Cette identité axée autour du rapport de force et du culot est vecteur de fierté et de grandes émotions. En cela l’équipe reflète à la perfection l’ADN de ce club si passionné et passionnant qu’est l’OM.
Des choix d’hommes de plus en plus contestables
Si la révolution Tudor fut une réussite, ses choix individuels laissent plus à désirer et ont joué un rôle majeur dans la dégradation tardive des résultats.
Ses choix d’abord surprenants, ont longtemps été légitimés par le jeu et les résultats. La mise à l’écart du onze de départ de l’idole Dimitri Payet fut signe du grand caractère et des convictions assumées du technicien croate. Le décalage entre le style physique et vertical du jeu à la Tudor, et la condition physique et l’âge du numéro 10 marseillais, légitime ce choix.
On peut même dire que voir Mattéo Guendouzi sur le banc s’expliquait par moment, même si ce dernier est intrinsèquement le meilleur milieu marseillais. En effet, malgré un manque certain de créativité, le duo Rongier-Veretout a eu d’excellentes périodes et a pu représenter une force majeure pour l’équilibre et la fluidité tactique de l’équipe.

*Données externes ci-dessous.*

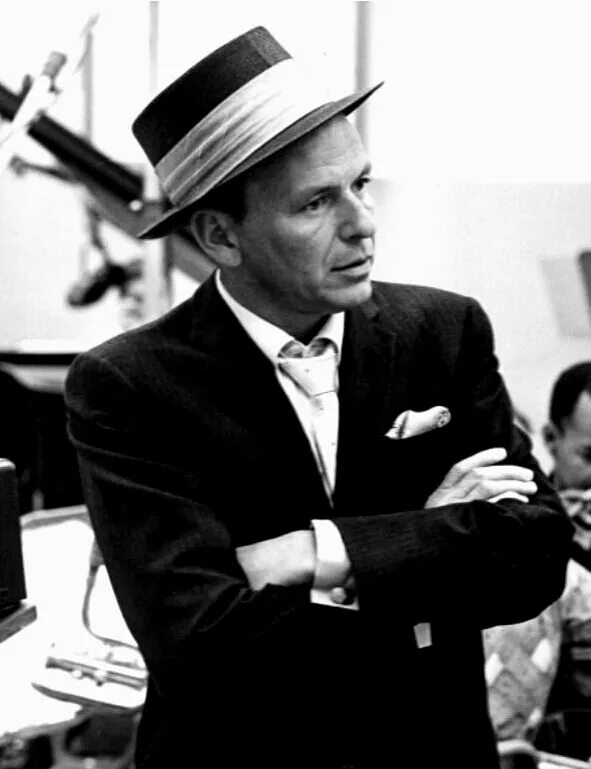 Фрэнк синатра простудился и другие истории. Frank sinatra in studio. фрэнк синатра в шляпе. frank sinatra japan винил.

Mais quand cet OM dépendant beaucoup sur le physique montra des signes de fatigue, Igor Tudor aurait dû être moins rigide dans ses choix d’hommes. Malgré un faible temps de jeu, Guendouzi et Payet ont su apporter en fin de saison de la créativité, des actions décisives, tout ce que ne faisaient plus les autres (tant le duo Rongier–Veretout que Ruslan Malinovskyi). Qu’ils aient joué que 20 minutes dans le match crucial à Lens où l’OM fut médiocre en seconde mi-temps, et que Guendouzi ait été laissé sur le banc tout le match à Lille (et de manière cruelle avec un échauffement en vain), est inexplicable et inexcusable.

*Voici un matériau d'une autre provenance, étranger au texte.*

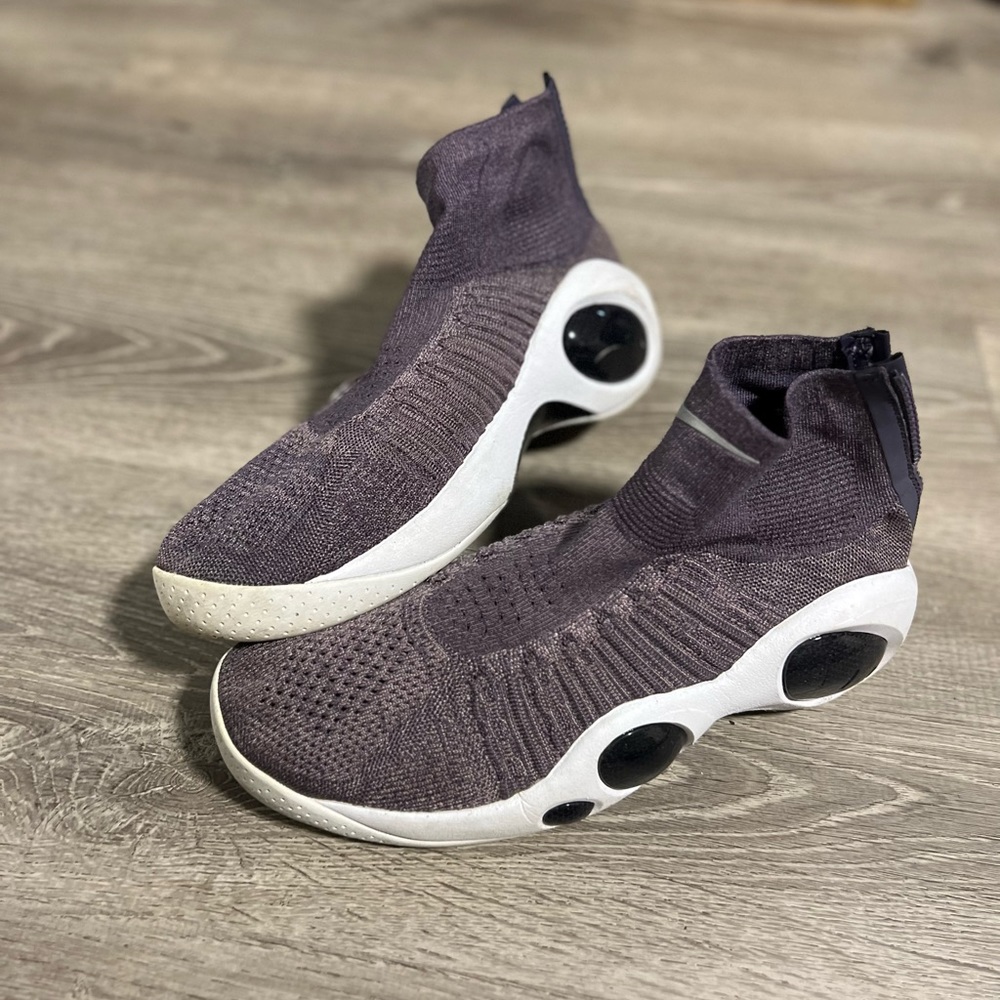 Men’s Nike Flight Bonafide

On peut aussi mettre en avant le choix lunaire sur la phase retour de se passer régulièrement d’un des deux meilleurs joueurs de l’OM cette saison (l’autre étant Alexis Sánchez) : l’irréprochable et brillant Chancel Mbemba.
Des résultats ambivalents
La première chose à mettre en lumière au moment d’aborder les résultats est que la saison fut bien meilleure que ce dont pouvait faire présager le climat de pré-saison. Malgré tous les reproches qu’on peut faire au coach dalmate, la constance de l’OM cette saison (tant au niveau du jeu que des résultats) rend les sifflets d’une partie du Vélodrome avant le premier match officiel encore plus sots que ce qu’ils étaient déjà.

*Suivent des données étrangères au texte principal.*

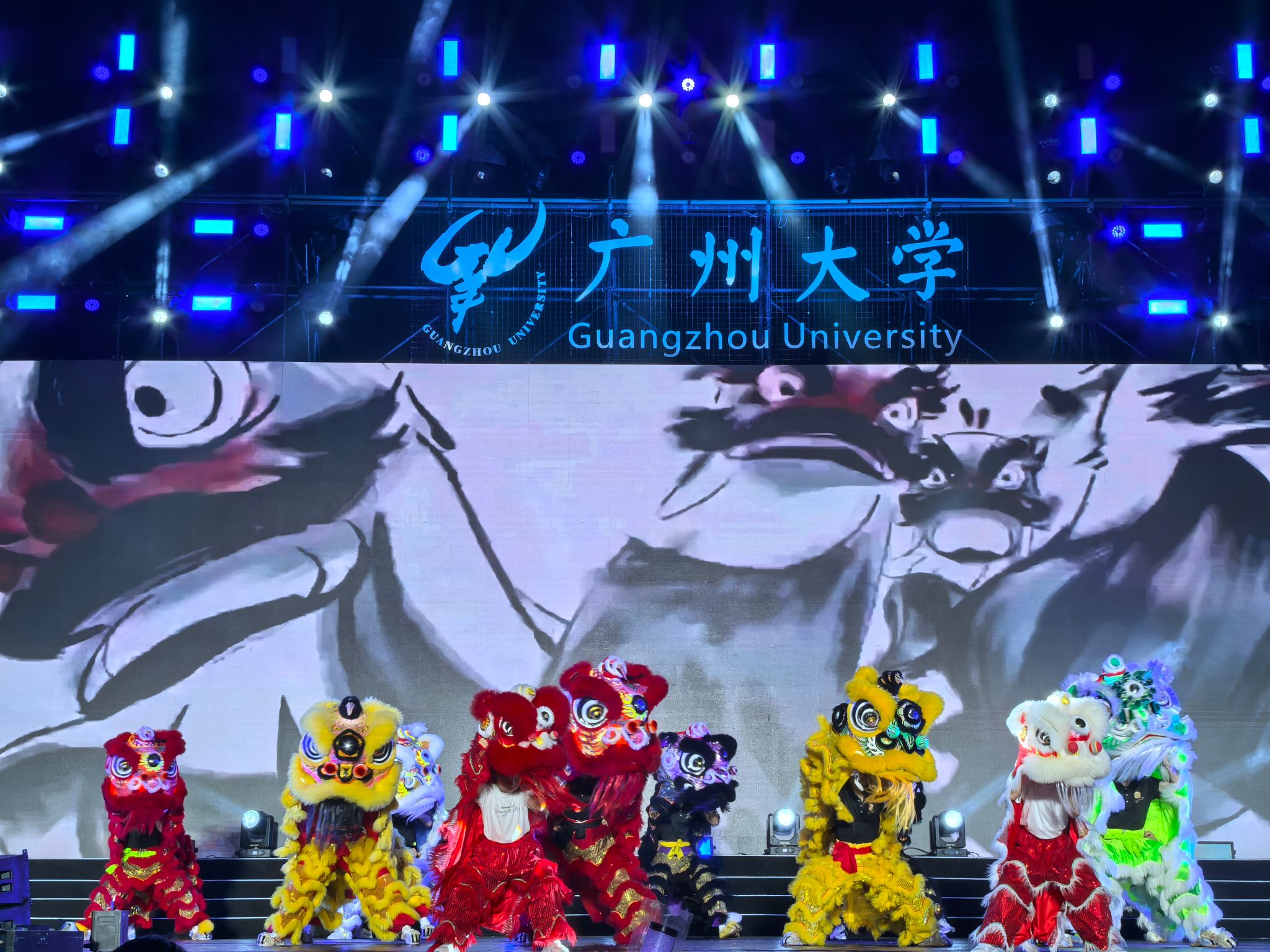 杨韵灵摄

L’OM d’Igor Tudor avança très longtemps à un rythme absolument remarquable en Ligue 1, un rythme historique pour l’OM depuis la mise en place de la victoire à 3pts. Les 4 défaites lors des 5 derniers matchs noircissent forcément le tableau, mais malgré cela les supporters phocéens ont vécu une saison de Ligue 1 de grande qualité, avec un jeu plaisant et excitant, un rythme oscillant très longtemps entre 2 et 2,3 points par match, et une présence quasi-permanente sur le podium. Les derniers matchs et la défaite dans la course à la 2ème place laissent un arrière-gout amer, mais qualifier la 3ème place d’échec et parler de saison ratée serait injuste.
Par contre les deux parcours en Coupe eux symbolisent bien cette saison dans laquelle, malgré une réelle constance, quelques moments clés assombrissent un bilan qui aurait pu être éclatant. Les dernières secondes lunaires de ce match pourtant magnifique contre Tottenham, représentèrent le premier coup de massue sur les espoirs olympiens. L’impardonnable élimination à domicile contre Annecy, équipe de bas de tableau de Ligue 2, fut le second. Le fait qu’il soit consécutif au meilleur match de la saison et la plus grande émotion, c’est à dire la victoire au tour précédent au Vélodrome face à l’ennemi juré parisien, évoque à nouveau une saison où de grands et légitimes espoirs furent terrassés.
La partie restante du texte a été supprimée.